Les éléments qui ressortent de l’entretien avec Simran permettent d’atteindre les objectifs spécifiques fixés : circonscrire les fonctions qu’ils attribuent aux règles (1er objectif) ; identifier les règles qui, à leurs yeux, sont valorisées par l’école (2ème objectif) et discerner les conditions qui peuvent, selon eux, favoriser, le consentement aux règles à l’école (3ème objectif).

Après avoir expliqué que les règles à l’école permettent de préparer les élèves à se conformer aux exigences de la vie en société, Simran insiste pour dire que dans plusieurs cas, elles servent à légitimer le pouvoir des adultes (1er objectif).

En ce qui a trait à la mise en œuvre des règles, Simran retient qu’elle dépend essentiellement des enseignants ce qui confirme à ses yeux et l’arbitraire avec lequel ceux-ci usent de leur pouvoir. (2ème objectif).

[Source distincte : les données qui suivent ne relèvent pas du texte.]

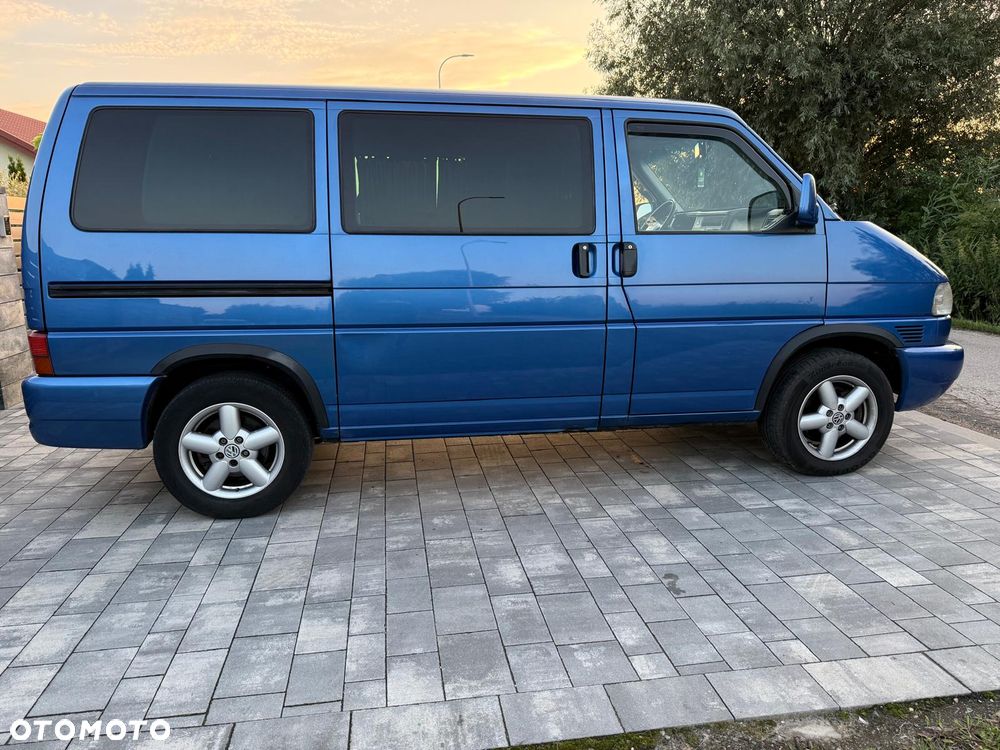 Volkswagen Multivan Standard - 15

La rigueur et l’impartialité sont d’ailleurs des améliorations qu’elle propose avec insistance à diverses reprises. Elle estime que les sanctions en cas de transgressions devraient être plus conséquentes tout en rappelant la nécessité de tenir compte des élèves. Elle revient sur ce point pour affirmer le principe d’égalité dont elle fait sa principale revendication. Pour elle, une « bonne règle » est une règle qui s’applique à tout le monde. De plus les élèves devraient pouvoir participer à leur élaboration. Elle questionne la hiérarchie des règles en soulignant que la violence devraient faire l’objet d’une attention particulière. Or, ce point est négligé des adultes de l’école alors qu’ils s’attardent à faire respecter des règles de moindre importance, comme la ponctualité (3ème objectif).

Simran, qui a fait l’école buissonnière à plusieurs reprises, semble désormais décidée à respecter les règles. L’insistance avec laquelle elle revient sur la nécessité d’être mature pour comprendre l’obligation d’obéir semble cependant indiquer que sa soumission aux règles est teintée de volontarisme.